● Required action
Here is the task for the records below: repeat exactly the lines from the one with "Heinz spaghetti and" to the one with "Illustration of Big", both included, and nothing else.

● Data to process
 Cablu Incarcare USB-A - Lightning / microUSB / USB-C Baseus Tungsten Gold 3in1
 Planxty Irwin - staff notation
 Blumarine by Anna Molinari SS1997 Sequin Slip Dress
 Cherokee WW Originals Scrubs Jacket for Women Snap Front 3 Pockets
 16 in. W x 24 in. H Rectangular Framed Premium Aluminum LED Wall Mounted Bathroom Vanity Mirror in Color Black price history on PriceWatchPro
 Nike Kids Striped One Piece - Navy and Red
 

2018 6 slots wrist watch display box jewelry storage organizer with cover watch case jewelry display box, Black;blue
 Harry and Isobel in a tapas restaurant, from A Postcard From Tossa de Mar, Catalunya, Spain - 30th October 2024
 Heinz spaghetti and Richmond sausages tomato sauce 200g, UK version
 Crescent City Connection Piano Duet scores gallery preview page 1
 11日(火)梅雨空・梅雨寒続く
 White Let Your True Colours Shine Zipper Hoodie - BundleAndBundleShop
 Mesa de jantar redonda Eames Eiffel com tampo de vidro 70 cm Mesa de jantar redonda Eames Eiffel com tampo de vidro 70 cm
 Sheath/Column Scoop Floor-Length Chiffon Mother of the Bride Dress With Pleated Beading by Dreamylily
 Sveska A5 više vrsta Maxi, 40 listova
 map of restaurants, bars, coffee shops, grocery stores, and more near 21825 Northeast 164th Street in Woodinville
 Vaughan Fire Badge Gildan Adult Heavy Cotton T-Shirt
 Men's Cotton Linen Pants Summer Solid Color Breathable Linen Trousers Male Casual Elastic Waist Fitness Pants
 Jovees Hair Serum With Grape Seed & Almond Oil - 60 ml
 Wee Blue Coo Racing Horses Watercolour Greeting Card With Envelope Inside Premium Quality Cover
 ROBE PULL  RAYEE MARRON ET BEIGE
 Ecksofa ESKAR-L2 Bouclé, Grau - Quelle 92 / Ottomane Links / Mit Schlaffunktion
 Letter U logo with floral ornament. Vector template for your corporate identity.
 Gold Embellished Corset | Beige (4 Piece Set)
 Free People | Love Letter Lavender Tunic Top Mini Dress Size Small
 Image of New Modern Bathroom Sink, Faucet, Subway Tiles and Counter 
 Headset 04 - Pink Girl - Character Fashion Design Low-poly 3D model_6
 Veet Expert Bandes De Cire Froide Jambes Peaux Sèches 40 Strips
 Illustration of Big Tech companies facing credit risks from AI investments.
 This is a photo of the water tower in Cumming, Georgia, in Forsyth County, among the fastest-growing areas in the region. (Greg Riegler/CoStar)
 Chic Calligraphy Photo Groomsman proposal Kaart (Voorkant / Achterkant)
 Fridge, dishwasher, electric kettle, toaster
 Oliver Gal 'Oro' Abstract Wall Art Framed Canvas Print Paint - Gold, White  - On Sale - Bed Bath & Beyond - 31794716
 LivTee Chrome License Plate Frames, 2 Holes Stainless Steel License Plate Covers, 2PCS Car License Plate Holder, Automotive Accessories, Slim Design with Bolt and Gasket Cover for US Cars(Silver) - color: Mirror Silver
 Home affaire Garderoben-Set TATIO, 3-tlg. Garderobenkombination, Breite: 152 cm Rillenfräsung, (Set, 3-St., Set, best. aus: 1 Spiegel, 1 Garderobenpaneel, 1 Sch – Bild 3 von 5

● Solved exercise
 Heinz spaghetti and Richmond sausages tomato sauce 200g, UK version
 Crescent City Connection Piano Duet scores gallery preview page 1
 11日(火)梅雨空・梅雨寒続く
 White Let Your True Colours Shine Zipper Hoodie - BundleAndBundleShop
 Mesa de jantar redonda Eames Eiffel com tampo de vidro 70 cm Mesa de jantar redonda Eames Eiffel com tampo de vidro 70 cm
 Sheath/Column Scoop Floor-Length Chiffon Mother of the Bride Dress With Pleated Beading by Dreamylily
 Sveska A5 više vrsta Maxi, 40 listova
 map of restaurants, bars, coffee shops, grocery stores, and more near 21825 Northeast 164th Street in Woodinville
 Vaughan Fire Badge Gildan Adult Heavy Cotton T-Shirt
 Men's Cotton Linen Pants Summer Solid Color Breathable Linen Trousers Male Casual Elastic Waist Fitness Pants
 Jovees Hair Serum With Grape Seed & Almond Oil - 60 ml
 Wee Blue Coo Racing Horses Watercolour Greeting Card With Envelope Inside Premium Quality Cover
 ROBE PULL  RAYEE MARRON ET BEIGE
 Ecksofa ESKAR-L2 Bouclé, Grau - Quelle 92 / Ottomane Links / Mit Schlaffunktion
 Letter U logo with floral ornament. Vector template for your corporate identity.
 Gold Embellished Corset | Beige (4 Piece Set)
 Free People | Love Letter Lavender Tunic Top Mini Dress Size Small
 Image of New Modern Bathroom Sink, Faucet, Subway Tiles and Counter 
 Headset 04 - Pink Girl - Character Fashion Design Low-poly 3D model_6
 Veet Expert Bandes De Cire Froide Jambes Peaux Sèches 40 Strips
 Illustration of Big Tech companies facing credit risks from AI investments.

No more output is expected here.